↓↓↓

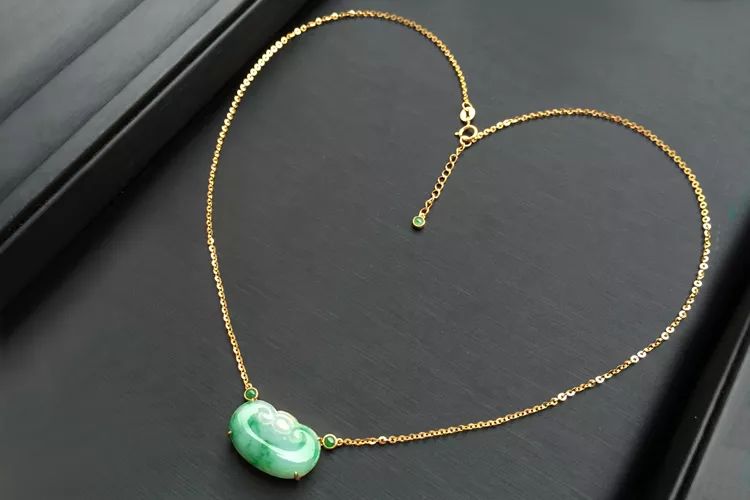 龙钞|某单位小伙9800拿下又嫩又老的翡翠原石,能否赌出惊喜?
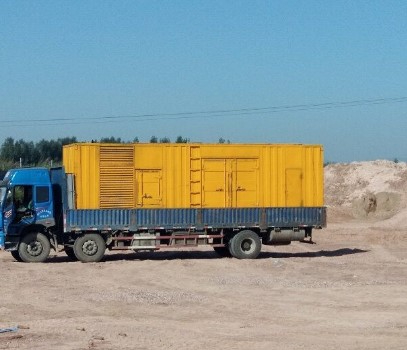 息烽发电机出租如何判断柴油发电机冷却液是否需要更换？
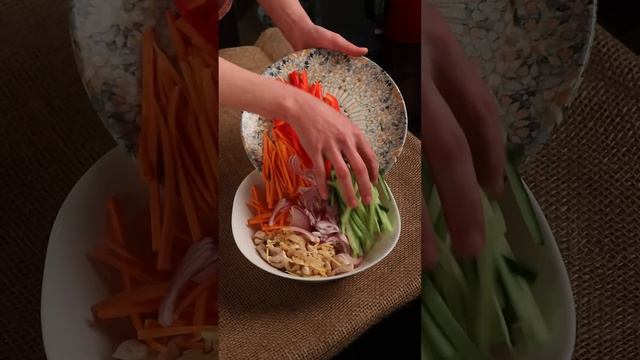 Салатик который прекрасно подойдет на полноценный обед или ужин!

↑↑↑

*What you have to do*: Reproduce the material above exactly, but only from the line with "息烽发电机出租如何判断柴油发电机冷却液是否需要更换？" through its last line, leaving pictures out.

*Your solution*:
 息烽发电机出租如何判断柴油发电机冷却液是否需要更换？
 Салатик который прекрасно подойдет на полноценный обед или ужин!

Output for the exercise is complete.